▶ _Description of the task_:
Transcribe exactly the line with "Tradizionali edifici giapponesi" and each line that follows it in the listing, down to the last, omitting all pictures.

▶ _Dataset section_:
%%
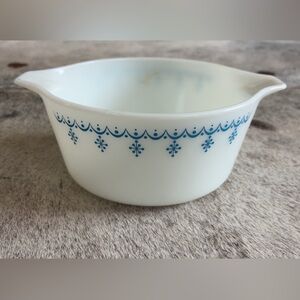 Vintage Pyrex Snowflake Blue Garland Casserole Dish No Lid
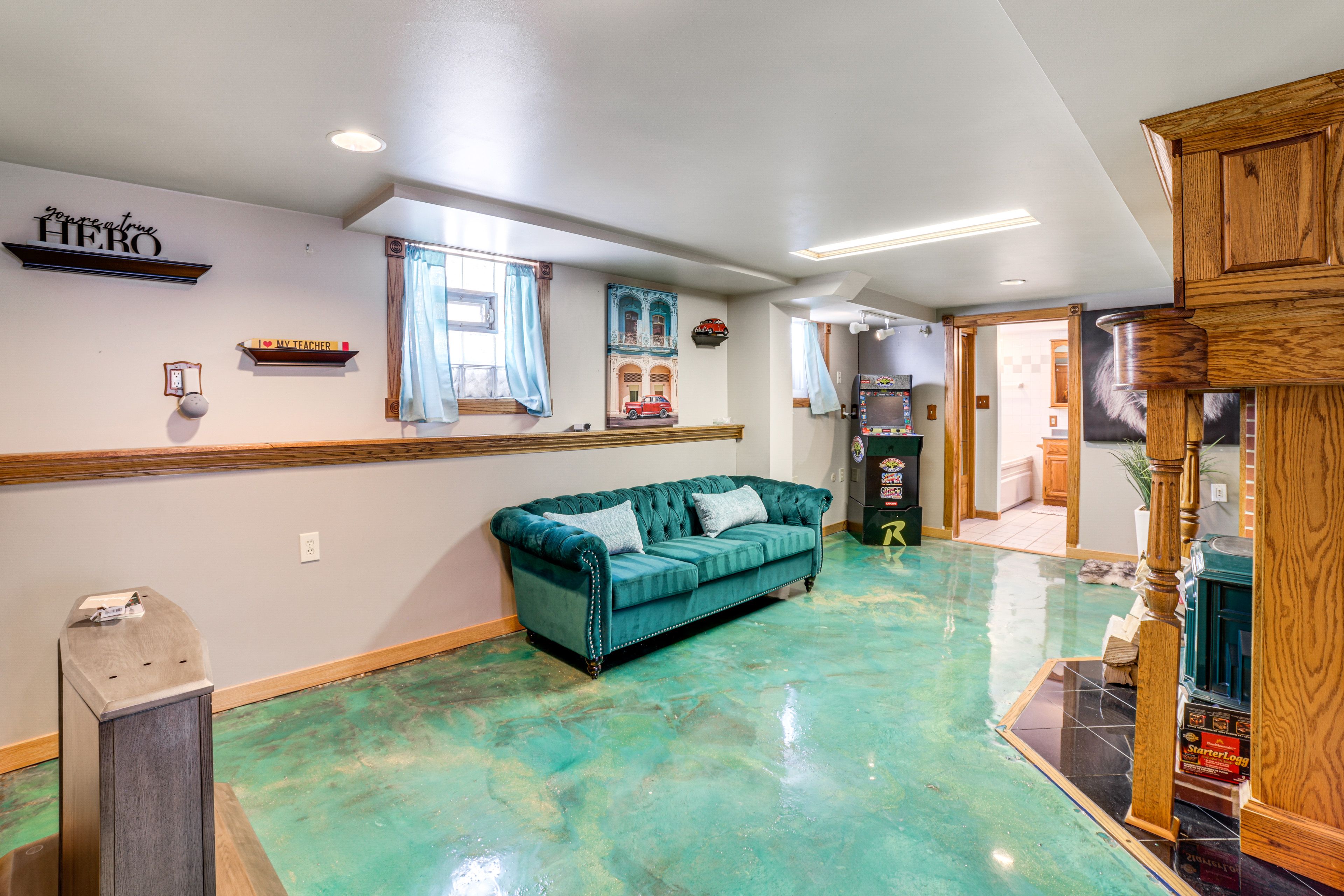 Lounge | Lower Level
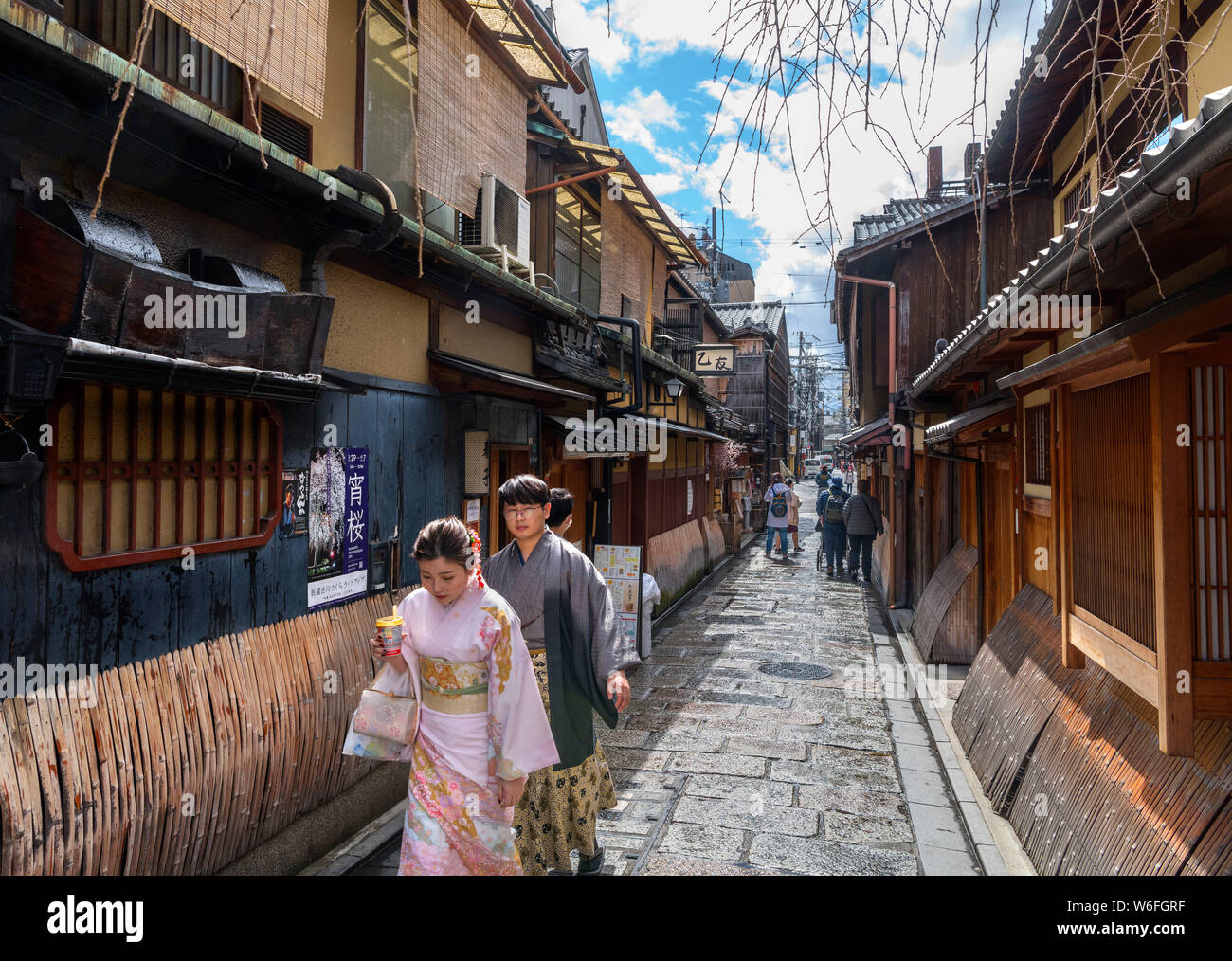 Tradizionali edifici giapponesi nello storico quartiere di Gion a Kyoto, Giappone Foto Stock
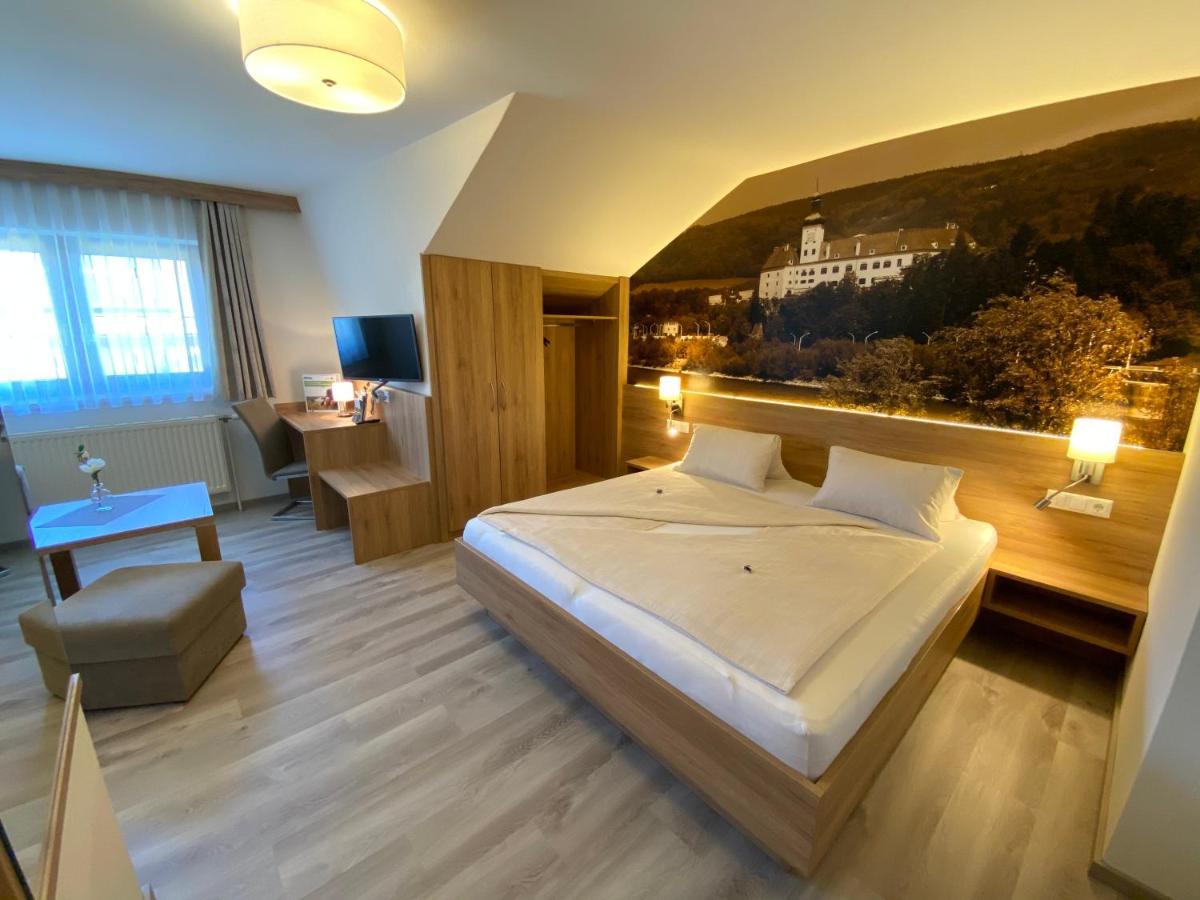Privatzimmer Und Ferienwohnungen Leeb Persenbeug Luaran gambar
%%
▶ _Task solution_:
 Tradizionali edifici giapponesi nello storico quartiere di Gion a Kyoto, Giappone Foto Stock
Privatzimmer Und Ferienwohnungen Leeb Persenbeug Luaran gambar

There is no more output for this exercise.